- Folha de S. Paulo
Crise turbinada por corrupção facilita ataque a instituições e medidas autoritárias
Ao ordenar o fechamento do Congresso peruano, o presidente Martín Vizcarra disse que aquela era “uma solução democrática” para os problemas do país. São remotas as chances de que ele tenha confundido o adjetivo. A frase revela, na verdade, como o enfraquecimento das instituições fertiliza o terreno para medidas autoritárias.
A bagunça na qual se meteu o Peru nos últimos dias é a soma de um megaescândalo de corrupção, uma política dramaticamente fraturada, um Congresso que tenta salvar a própria pele e um presidente disposto a aproveitar crises para concentrar poder. Semelhanças com outros casos da região não são coincidências.

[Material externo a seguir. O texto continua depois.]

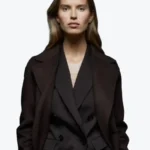 Wool Blend Double Breasted Blindseam Coat Dark Brown Collar Rare Jacket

Vizcarra assumiu o poder em 2018, quando Pedro Pablo Kuczynski renunciou sob acusação de envolvimento com esquemas da Odebrecht. A revelação da bandalheira jogou no lixo os resquícios de credibilidade da classe política daquele país.

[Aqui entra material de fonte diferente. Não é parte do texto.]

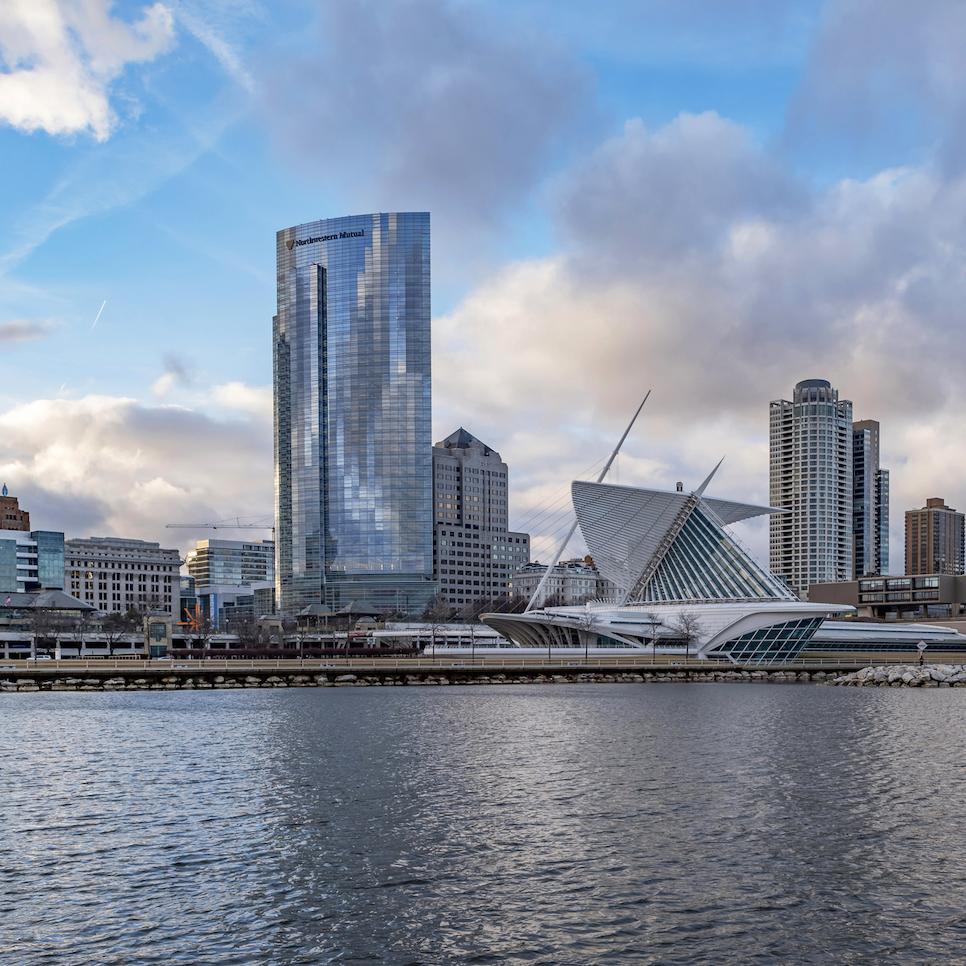 Northwestern Mutual's Tower and Commerce building in Milwaukee, Wisconsin.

Disposto a surfar na fúria do povo, o presidente passou a trabalhar para reformar o sistema político e, de quebra, diluir o poder de um Congresso dominado pela oposição.

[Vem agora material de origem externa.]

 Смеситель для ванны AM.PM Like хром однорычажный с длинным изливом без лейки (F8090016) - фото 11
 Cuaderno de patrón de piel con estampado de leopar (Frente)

Os parlamentares reagiram: atuaram para retaliar Vizcarra e proteger a si próprios. Enquanto os congressistas barravam planos de reduzir seu direito à imunidade, o presidente usava a população como escudo e sugeria antecipar eleições para se livrar de rivais no Legislativo.
Nos últimos dias, os dois lados começaram a disputar também o aparelhamento da corte suprema. O último golpe aconteceu na segunda (30). Vizcarra dissolveu o Congresso, e os parlamentares responderam com a suspensão de seu mandato.“Em sua ansiedade por confronto, o presidente confunde seus adversários políticos com as instituições que eles representam”, disse Carlos Meléndez, especialista em política peruana, ao New York Times.
Turbinada por um escândalo de corrupção, a crise é um exemplo acabado de como a desgraça política pode ser explorada por aproveitadores e abrir caminho para fragilizar a própria democracia.